We are enjoying our summer here in the Kalahari, although we have some very warm days. However, we find it overall not as hot as summers of previous years. We’ve had a little bit of rain about three weeks ago. Northern Namibia had bigger showers then, but here in the Kalahari it was only scattered showers and most farms haven’t had any rain yet. We hope and pray for rain soon, because it is very dry and dusty and the first rains always wash off the dust from everything.

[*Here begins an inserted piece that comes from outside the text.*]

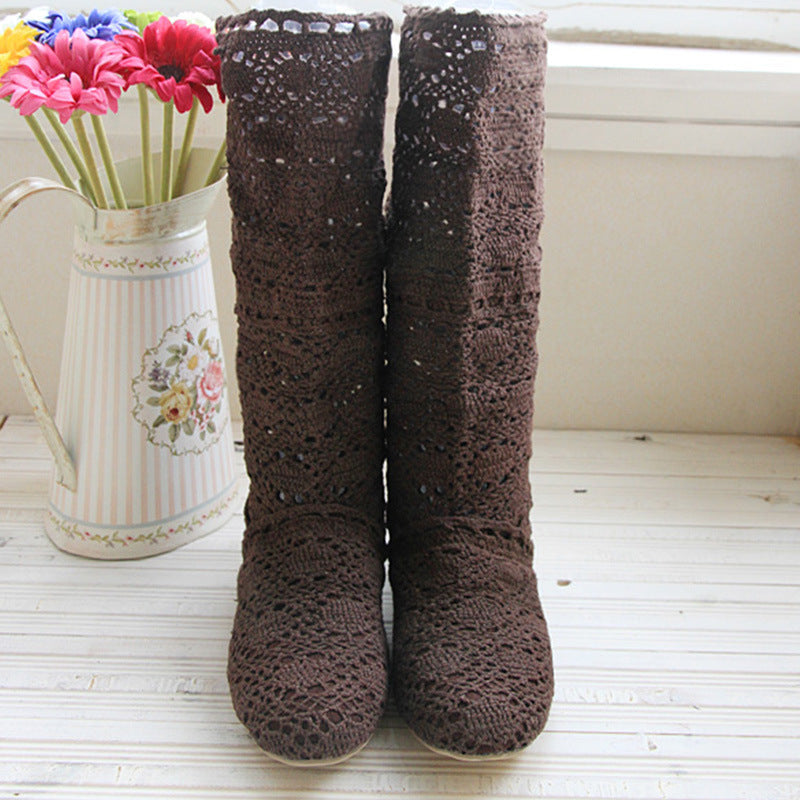 Vintage Inspired Orthopedic Boots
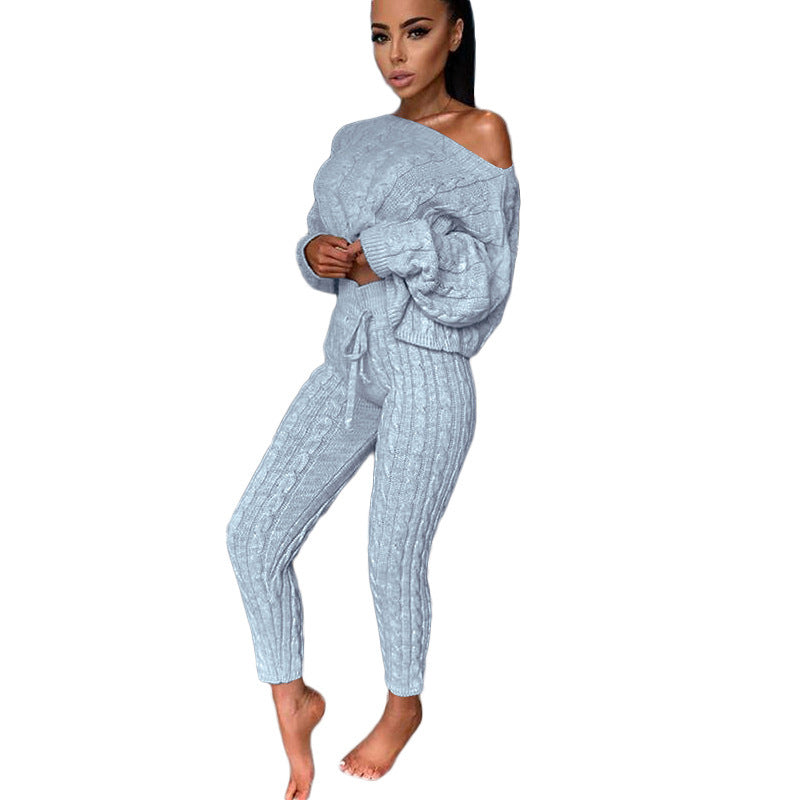 Sera Knit Tracksuit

December is also the time of the year when our workers go on their yearly vacation. So we are very busy with miscellaneous things on the ranch as well as general maintenance. The sheep all needed a dosage against parasites and worms for the (hopefully) upcoming "wet" season. The gardens and vegetable patches needs to be watered every day to keep off the adverse effects of the Kalahari's arid climate. The water installations and troughs on the farms have to be checked almost daily to make sure there is enough water for all the animals. It often happens this time of the year that porcupines gnaw through water pipes and then whole reservoirs can drain in one night to leave all the animals of that area without water. Two or three days without water for any animal, can mean disaster. Water in the Kalahari is an absolute essentiality for the existence of every creature. So... these are some of the things keeping us busy during our summer school vacation month.

As I was walking outside this morning, I thought of the wonderful privilege one has to be capable to WORK. Each of us tend to forget at times that we have to be thankful for health to do our daily work. And at the end of each year, one tends to do a certain analysis/evaluation of things done and achieved during the year. It is a prayer... "And let the beauty of the LORD our God be upon us: and establish thou the work of our hands upon us; yea, the work of our hands establish thou it." (Ps 90:17)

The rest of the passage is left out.